* Instructions for the task: Everything from the line containing "Карта пам'яті microSDXC, 64Gb, Kingston" through the line containing "Imagem de Cama" in the listing below should be copied exactly, and nothing more.

(Given data begins)

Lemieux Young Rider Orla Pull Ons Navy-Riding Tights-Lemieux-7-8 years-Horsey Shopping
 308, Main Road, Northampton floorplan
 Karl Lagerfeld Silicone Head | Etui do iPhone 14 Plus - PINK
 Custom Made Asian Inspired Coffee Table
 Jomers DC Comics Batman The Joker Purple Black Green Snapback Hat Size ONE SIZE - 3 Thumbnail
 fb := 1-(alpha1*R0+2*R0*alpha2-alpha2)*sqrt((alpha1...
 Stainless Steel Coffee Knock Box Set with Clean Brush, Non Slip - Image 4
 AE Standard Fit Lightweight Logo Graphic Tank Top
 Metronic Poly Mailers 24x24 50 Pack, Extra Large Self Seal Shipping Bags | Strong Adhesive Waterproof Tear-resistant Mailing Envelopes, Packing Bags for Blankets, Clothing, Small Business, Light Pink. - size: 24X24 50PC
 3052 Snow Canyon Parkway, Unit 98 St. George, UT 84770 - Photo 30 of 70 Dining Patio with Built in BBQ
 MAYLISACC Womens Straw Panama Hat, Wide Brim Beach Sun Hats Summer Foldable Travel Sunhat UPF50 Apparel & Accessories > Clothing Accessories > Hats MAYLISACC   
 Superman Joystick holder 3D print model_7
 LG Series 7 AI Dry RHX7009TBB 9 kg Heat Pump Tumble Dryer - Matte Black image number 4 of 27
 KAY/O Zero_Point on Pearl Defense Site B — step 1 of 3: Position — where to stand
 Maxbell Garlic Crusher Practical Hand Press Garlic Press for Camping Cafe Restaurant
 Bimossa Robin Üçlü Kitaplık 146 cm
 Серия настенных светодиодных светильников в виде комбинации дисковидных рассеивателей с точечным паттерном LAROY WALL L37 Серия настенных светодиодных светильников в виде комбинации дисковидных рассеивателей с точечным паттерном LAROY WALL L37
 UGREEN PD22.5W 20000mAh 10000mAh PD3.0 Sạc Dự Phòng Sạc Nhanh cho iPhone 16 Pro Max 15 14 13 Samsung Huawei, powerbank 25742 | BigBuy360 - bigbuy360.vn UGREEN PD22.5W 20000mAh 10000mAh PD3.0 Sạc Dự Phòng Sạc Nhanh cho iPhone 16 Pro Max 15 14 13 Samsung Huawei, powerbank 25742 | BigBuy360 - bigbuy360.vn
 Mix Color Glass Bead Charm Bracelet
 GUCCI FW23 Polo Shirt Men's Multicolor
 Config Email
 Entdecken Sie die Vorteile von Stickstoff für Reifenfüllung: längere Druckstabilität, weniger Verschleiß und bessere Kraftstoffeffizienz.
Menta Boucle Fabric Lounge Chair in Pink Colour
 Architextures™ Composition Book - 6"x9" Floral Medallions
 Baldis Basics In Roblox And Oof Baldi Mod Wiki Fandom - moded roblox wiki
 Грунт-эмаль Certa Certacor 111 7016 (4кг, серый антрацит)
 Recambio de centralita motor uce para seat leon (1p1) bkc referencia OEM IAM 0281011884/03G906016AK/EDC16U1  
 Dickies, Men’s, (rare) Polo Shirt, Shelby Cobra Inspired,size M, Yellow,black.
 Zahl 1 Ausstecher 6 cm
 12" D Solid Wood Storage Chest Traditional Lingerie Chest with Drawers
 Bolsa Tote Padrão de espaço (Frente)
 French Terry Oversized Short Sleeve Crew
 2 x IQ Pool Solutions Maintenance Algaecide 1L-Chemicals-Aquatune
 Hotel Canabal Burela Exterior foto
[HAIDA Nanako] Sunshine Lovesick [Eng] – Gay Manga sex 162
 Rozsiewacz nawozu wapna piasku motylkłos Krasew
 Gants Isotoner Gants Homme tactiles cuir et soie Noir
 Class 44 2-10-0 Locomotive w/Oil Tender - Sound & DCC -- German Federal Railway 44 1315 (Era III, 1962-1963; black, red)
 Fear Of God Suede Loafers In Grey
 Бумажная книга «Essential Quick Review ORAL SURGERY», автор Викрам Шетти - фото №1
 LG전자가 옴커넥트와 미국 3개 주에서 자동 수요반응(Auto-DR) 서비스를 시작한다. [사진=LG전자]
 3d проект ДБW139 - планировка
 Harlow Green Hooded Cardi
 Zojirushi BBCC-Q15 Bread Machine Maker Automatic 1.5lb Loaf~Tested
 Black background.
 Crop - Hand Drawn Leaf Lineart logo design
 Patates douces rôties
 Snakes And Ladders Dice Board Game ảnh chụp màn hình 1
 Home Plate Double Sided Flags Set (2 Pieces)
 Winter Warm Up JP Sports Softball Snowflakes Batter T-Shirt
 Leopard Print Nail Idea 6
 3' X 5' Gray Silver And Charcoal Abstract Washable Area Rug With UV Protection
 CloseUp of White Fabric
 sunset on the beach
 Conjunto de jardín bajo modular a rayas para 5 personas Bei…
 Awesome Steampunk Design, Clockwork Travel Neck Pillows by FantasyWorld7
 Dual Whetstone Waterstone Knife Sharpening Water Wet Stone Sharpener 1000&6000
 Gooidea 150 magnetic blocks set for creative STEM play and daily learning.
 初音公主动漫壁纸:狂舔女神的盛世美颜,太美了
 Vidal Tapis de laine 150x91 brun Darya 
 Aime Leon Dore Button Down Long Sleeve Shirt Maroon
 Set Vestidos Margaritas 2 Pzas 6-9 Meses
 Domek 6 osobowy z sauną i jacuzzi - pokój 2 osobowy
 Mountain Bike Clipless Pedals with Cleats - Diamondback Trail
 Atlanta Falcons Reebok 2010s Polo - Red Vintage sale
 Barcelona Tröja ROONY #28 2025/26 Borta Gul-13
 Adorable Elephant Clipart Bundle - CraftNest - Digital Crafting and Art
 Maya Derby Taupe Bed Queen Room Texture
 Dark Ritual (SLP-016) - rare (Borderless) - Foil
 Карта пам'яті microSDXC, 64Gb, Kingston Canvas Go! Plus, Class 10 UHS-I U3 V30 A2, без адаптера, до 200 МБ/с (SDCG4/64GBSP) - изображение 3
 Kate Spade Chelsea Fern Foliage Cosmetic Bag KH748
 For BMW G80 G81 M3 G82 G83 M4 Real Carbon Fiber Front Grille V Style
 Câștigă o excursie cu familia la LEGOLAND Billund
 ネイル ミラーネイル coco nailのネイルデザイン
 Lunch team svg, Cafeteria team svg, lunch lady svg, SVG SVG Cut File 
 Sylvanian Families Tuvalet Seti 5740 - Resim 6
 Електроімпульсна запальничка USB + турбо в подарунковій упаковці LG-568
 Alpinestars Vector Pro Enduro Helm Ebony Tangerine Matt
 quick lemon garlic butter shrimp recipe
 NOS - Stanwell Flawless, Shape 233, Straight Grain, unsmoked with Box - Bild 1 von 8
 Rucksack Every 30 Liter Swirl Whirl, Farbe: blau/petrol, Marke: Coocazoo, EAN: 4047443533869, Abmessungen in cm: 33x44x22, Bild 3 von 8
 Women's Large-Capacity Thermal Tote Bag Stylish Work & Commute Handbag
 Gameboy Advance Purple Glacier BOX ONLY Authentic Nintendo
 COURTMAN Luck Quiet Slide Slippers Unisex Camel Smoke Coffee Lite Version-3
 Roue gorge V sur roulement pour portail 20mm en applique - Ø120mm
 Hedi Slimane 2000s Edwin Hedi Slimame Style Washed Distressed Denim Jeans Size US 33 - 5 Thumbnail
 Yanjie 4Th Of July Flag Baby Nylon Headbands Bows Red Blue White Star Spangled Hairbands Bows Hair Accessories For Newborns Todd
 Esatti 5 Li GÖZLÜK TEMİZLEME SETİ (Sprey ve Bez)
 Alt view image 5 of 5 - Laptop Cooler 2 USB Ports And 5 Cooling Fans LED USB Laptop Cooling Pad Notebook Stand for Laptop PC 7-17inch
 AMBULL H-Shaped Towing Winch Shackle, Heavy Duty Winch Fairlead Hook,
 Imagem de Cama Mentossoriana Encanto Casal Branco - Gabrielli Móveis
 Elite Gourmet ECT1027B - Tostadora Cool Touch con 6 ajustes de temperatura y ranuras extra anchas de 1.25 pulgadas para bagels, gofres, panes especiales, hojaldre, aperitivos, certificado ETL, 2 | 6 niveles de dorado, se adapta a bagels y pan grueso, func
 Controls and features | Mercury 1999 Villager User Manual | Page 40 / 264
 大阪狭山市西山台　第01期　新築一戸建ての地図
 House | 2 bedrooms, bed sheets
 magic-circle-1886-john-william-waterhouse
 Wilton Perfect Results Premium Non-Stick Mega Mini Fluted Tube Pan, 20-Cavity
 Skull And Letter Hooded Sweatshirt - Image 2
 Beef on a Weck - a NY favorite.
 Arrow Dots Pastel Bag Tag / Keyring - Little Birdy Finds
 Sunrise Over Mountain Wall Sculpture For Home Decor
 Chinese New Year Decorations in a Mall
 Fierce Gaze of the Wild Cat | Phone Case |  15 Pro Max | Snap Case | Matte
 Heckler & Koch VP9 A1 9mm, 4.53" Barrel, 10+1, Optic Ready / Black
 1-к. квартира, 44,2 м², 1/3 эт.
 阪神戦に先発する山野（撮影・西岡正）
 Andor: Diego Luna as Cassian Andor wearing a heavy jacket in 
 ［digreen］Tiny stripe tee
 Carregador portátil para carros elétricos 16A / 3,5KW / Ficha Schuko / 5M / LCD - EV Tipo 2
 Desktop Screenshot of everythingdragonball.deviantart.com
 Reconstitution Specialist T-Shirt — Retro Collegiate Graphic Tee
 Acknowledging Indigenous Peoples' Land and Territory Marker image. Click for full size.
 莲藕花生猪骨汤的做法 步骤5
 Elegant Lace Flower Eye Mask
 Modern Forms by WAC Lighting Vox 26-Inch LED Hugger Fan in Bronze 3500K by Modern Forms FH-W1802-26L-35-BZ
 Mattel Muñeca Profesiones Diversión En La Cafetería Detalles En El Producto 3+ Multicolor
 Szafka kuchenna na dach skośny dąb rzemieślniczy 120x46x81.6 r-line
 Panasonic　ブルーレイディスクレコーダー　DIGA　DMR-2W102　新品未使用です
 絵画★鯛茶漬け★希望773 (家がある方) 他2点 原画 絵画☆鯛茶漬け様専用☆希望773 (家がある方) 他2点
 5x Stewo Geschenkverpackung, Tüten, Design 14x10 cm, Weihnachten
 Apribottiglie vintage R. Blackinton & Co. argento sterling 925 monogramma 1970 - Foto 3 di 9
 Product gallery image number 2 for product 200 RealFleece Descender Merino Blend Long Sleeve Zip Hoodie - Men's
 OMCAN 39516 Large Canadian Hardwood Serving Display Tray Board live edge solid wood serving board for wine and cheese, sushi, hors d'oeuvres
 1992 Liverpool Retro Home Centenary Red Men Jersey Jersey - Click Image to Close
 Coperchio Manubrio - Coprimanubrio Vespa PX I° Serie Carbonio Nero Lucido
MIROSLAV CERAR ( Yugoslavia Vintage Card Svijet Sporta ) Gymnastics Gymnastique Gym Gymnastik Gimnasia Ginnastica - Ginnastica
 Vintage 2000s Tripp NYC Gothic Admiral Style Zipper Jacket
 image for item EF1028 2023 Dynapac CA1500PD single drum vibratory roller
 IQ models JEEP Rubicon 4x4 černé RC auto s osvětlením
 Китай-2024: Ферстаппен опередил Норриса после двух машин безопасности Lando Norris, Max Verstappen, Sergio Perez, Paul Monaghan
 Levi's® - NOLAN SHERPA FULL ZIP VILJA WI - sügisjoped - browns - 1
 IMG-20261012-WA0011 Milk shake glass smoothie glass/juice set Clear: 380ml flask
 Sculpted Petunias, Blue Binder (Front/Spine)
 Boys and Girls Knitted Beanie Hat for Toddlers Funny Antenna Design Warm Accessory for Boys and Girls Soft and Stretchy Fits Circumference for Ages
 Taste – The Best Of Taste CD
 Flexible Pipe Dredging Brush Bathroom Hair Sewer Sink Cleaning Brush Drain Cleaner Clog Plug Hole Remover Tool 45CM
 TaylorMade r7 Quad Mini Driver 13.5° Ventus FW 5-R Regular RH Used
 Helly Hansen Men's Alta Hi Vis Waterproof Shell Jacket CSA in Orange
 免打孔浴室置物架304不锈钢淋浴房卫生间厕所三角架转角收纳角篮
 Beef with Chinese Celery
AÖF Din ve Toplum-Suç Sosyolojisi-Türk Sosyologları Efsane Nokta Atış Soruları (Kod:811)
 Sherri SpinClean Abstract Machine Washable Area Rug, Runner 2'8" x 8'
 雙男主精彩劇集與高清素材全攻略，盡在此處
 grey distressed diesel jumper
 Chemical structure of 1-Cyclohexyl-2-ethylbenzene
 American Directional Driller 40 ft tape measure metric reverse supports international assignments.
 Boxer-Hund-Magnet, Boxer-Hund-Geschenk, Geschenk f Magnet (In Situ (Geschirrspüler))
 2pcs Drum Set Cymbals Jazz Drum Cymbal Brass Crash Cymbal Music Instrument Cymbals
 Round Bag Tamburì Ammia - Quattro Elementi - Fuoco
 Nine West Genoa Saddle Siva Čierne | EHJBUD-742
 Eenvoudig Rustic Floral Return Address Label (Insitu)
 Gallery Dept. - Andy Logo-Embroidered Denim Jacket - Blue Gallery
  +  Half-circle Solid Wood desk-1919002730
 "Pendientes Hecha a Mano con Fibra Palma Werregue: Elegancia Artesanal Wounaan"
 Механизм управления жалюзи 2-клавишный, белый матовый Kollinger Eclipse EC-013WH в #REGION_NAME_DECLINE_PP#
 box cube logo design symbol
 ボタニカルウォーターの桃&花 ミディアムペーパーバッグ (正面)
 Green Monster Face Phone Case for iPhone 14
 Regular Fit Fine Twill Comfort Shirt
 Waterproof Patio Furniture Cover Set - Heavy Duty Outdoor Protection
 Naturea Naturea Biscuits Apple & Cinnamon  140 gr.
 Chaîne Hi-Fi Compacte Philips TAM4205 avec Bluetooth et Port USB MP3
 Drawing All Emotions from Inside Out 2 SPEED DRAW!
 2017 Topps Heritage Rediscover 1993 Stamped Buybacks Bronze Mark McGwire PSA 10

(Given data ends)

* Exercise response:
 Карта пам'яті microSDXC, 64Gb, Kingston Canvas Go! Plus, Class 10 UHS-I U3 V30 A2, без адаптера, до 200 МБ/с (SDCG4/64GBSP) - изображение 3
 Kate Spade Chelsea Fern Foliage Cosmetic Bag KH748
 For BMW G80 G81 M3 G82 G83 M4 Real Carbon Fiber Front Grille V Style
 Câștigă o excursie cu familia la LEGOLAND Billund
 ネイル ミラーネイル coco nailのネイルデザイン
 Lunch team svg, Cafeteria team svg, lunch lady svg, SVG SVG Cut File 
 Sylvanian Families Tuvalet Seti 5740 - Resim 6
 Електроімпульсна запальничка USB + турбо в подарунковій упаковці LG-568
 Alpinestars Vector Pro Enduro Helm Ebony Tangerine Matt
 quick lemon garlic butter shrimp recipe
 NOS - Stanwell Flawless, Shape 233, Straight Grain, unsmoked with Box - Bild 1 von 8
 Rucksack Every 30 Liter Swirl Whirl, Farbe: blau/petrol, Marke: Coocazoo, EAN: 4047443533869, Abmessungen in cm: 33x44x22, Bild 3 von 8
 Women's Large-Capacity Thermal Tote Bag Stylish Work & Commute Handbag
 Gameboy Advance Purple Glacier BOX ONLY Authentic Nintendo
 COURTMAN Luck Quiet Slide Slippers Unisex Camel Smoke Coffee Lite Version-3
 Roue gorge V sur roulement pour portail 20mm en applique - Ø120mm
 Hedi Slimane 2000s Edwin Hedi Slimame Style Washed Distressed Denim Jeans Size US 33 - 5 Thumbnail
 Yanjie 4Th Of July Flag Baby Nylon Headbands Bows Red Blue White Star Spangled Hairbands Bows Hair Accessories For Newborns Todd
 Esatti 5 Li GÖZLÜK TEMİZLEME SETİ (Sprey ve Bez)
 Alt view image 5 of 5 - Laptop Cooler 2 USB Ports And 5 Cooling Fans LED USB Laptop Cooling Pad Notebook Stand for Laptop PC 7-17inch
 AMBULL H-Shaped Towing Winch Shackle, Heavy Duty Winch Fairlead Hook,
 Imagem de Cama Mentossoriana Encanto Casal Branco - Gabrielli Móveis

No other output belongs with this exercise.